* _INFORMATION PROVIDED_
----

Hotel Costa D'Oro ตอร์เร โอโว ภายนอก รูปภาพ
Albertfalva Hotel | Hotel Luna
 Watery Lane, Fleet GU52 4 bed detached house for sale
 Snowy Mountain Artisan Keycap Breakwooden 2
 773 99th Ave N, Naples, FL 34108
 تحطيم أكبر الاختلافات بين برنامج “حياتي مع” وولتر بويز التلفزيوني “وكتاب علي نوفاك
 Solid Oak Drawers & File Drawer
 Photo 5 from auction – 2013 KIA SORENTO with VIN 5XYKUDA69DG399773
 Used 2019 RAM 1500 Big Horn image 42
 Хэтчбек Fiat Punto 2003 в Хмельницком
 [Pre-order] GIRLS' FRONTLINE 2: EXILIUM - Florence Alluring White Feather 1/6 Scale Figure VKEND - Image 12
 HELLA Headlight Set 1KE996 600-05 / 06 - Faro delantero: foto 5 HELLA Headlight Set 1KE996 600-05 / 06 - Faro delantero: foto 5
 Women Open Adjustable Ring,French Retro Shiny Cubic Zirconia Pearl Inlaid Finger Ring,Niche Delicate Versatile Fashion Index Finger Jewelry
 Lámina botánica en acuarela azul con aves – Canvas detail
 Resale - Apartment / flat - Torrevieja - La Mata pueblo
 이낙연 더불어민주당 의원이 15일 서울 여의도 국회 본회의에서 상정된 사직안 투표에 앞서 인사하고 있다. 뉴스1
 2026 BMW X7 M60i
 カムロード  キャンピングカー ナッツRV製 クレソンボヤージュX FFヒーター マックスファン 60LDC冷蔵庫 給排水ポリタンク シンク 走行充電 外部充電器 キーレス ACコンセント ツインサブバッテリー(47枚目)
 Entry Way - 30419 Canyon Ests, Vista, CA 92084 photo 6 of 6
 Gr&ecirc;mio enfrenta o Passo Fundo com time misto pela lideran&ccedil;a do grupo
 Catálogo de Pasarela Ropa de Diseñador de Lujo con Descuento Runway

----

Please state how many lines of the material contain the word "Hotel", giving the number alone.

* _ANSWER TO THIS PROBLEM_
2